* **Exercise directions**
Somewhere below, one line contains "Men Solid Single" and a later line contains "Front View of". Output those two lines and everything between them exactly, and nothing else.

* **Supplied information**
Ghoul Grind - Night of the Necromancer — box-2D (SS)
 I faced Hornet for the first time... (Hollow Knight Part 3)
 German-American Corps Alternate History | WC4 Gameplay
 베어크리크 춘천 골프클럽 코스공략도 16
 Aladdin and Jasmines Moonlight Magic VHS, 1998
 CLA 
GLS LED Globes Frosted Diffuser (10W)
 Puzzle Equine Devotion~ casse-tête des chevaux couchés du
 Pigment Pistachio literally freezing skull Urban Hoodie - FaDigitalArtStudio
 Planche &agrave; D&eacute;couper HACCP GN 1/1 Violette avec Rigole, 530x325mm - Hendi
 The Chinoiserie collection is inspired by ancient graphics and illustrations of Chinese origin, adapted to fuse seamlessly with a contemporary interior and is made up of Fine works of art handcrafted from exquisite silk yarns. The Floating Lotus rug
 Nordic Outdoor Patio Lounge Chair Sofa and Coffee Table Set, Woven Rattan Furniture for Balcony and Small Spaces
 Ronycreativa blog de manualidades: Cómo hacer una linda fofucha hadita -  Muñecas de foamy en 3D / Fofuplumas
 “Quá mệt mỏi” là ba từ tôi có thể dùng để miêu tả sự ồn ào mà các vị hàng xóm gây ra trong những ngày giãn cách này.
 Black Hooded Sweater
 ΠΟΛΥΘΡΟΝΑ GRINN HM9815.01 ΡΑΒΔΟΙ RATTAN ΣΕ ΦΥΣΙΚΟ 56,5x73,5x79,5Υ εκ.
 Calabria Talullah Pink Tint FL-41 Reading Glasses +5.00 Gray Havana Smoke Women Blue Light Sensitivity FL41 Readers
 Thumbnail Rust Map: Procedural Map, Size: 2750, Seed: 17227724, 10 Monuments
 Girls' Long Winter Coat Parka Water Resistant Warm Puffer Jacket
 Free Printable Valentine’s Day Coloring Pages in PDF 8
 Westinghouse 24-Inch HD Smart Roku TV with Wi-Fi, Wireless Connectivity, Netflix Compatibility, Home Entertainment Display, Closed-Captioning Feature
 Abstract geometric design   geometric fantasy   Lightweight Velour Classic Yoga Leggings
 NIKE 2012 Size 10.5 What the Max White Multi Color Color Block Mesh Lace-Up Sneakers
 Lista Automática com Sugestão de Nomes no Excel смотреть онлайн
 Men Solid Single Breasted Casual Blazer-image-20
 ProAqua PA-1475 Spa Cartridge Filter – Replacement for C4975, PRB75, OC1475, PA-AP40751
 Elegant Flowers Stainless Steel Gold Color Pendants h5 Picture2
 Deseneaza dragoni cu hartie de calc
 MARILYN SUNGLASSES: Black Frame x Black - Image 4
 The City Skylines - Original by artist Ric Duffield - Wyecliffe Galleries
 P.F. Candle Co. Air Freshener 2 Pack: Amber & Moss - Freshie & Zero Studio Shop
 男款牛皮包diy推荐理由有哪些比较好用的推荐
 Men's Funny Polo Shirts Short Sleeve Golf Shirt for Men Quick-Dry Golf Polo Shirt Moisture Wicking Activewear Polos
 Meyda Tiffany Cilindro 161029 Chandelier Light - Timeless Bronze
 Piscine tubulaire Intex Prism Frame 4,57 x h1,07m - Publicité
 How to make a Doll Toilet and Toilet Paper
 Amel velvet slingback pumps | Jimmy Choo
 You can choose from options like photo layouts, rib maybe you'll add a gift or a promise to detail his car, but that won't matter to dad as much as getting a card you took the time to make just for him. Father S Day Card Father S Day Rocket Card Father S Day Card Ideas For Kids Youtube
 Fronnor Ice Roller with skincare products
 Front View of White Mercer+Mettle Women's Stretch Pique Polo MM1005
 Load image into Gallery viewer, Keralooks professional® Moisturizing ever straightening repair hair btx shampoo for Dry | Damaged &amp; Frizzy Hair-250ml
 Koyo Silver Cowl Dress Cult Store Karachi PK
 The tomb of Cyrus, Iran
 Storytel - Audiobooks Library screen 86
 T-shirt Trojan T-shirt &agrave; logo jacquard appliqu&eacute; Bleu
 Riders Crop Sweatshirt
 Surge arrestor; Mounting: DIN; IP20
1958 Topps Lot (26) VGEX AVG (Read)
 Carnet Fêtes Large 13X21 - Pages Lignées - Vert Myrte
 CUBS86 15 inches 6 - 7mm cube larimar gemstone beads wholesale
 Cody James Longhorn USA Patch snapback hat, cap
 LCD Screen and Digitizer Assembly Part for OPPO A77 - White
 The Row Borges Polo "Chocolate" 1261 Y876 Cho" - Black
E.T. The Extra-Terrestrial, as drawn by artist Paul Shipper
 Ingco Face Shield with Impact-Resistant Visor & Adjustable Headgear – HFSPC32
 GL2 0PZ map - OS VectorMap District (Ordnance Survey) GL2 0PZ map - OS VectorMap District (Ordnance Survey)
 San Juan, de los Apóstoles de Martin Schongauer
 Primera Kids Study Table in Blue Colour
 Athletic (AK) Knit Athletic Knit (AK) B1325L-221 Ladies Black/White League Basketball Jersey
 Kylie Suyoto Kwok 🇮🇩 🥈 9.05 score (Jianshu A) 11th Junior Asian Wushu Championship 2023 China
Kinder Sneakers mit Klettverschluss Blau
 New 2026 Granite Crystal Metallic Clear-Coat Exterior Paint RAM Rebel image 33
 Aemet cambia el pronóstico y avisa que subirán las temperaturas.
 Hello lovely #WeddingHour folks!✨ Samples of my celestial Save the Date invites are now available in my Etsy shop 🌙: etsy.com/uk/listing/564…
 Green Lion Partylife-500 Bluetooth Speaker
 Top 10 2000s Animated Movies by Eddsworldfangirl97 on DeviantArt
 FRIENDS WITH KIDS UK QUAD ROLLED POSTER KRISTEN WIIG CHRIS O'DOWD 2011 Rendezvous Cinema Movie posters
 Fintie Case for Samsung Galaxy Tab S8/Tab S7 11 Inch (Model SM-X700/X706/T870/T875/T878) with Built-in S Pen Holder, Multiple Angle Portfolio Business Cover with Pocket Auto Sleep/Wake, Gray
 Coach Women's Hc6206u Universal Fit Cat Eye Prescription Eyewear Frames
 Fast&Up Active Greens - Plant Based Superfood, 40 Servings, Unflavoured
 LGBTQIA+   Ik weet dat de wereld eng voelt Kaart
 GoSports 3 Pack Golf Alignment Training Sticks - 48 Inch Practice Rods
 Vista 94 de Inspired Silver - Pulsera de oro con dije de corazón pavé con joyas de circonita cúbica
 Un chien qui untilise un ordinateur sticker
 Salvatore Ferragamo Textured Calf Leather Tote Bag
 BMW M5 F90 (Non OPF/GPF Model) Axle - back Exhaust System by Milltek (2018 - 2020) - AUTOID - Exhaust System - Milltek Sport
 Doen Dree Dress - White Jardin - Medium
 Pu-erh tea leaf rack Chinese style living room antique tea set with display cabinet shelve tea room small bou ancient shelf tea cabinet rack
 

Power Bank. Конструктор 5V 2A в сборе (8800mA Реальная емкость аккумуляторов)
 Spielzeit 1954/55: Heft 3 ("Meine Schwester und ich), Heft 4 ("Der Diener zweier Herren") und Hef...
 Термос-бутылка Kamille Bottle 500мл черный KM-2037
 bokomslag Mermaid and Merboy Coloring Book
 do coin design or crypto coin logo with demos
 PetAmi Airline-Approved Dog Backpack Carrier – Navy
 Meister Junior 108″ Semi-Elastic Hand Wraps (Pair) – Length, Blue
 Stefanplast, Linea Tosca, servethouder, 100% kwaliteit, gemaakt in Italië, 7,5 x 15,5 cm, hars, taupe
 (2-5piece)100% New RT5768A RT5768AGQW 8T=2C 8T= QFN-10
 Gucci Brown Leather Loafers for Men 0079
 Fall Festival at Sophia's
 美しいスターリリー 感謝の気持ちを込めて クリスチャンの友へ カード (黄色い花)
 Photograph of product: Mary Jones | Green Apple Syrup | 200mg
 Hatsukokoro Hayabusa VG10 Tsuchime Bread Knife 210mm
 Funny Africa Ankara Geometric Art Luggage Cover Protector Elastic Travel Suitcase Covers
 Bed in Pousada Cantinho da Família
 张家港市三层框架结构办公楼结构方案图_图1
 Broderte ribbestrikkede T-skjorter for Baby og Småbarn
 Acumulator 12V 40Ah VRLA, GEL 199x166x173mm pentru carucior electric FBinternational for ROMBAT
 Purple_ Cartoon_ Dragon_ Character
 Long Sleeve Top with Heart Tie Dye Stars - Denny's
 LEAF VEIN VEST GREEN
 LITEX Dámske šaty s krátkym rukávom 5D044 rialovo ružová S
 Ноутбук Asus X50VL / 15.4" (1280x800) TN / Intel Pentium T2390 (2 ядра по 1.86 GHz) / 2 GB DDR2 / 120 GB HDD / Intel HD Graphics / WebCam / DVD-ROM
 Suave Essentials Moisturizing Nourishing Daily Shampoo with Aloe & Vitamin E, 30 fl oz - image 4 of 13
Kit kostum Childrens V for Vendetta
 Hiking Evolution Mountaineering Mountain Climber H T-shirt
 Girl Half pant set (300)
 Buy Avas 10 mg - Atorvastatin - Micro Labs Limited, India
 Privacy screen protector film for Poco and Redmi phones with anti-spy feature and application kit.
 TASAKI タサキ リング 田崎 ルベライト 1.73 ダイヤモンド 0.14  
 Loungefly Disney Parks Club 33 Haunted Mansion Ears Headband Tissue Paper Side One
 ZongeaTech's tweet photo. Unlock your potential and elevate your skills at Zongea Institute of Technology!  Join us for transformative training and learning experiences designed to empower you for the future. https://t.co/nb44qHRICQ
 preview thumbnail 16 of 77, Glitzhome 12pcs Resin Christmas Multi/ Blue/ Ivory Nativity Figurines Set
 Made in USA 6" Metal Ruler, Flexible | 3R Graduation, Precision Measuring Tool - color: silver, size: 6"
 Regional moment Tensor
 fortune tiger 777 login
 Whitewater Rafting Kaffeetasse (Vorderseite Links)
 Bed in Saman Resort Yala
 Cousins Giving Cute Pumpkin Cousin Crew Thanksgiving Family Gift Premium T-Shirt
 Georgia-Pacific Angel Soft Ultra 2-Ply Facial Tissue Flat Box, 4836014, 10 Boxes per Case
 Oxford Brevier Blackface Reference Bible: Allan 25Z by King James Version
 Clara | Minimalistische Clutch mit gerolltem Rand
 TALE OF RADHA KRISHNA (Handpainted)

* **Exercise output**
 Men Solid Single Breasted Casual Blazer-image-20
 ProAqua PA-1475 Spa Cartridge Filter – Replacement for C4975, PRB75, OC1475, PA-AP40751
 Elegant Flowers Stainless Steel Gold Color Pendants h5 Picture2
 Deseneaza dragoni cu hartie de calc
 MARILYN SUNGLASSES: Black Frame x Black - Image 4
 The City Skylines - Original by artist Ric Duffield - Wyecliffe Galleries
 P.F. Candle Co. Air Freshener 2 Pack: Amber & Moss - Freshie & Zero Studio Shop
 男款牛皮包diy推荐理由有哪些比较好用的推荐
 Men's Funny Polo Shirts Short Sleeve Golf Shirt for Men Quick-Dry Golf Polo Shirt Moisture Wicking Activewear Polos
 Meyda Tiffany Cilindro 161029 Chandelier Light - Timeless Bronze
 Piscine tubulaire Intex Prism Frame 4,57 x h1,07m - Publicité
 How to make a Doll Toilet and Toilet Paper
 Amel velvet slingback pumps | Jimmy Choo
 You can choose from options like photo layouts, rib maybe you'll add a gift or a promise to detail his car, but that won't matter to dad as much as getting a card you took the time to make just for him. Father S Day Card Father S Day Rocket Card Father S Day Card Ideas For Kids Youtube
 Fronnor Ice Roller with skincare products
 Front View of White Mercer+Mettle Women's Stretch Pique Polo MM1005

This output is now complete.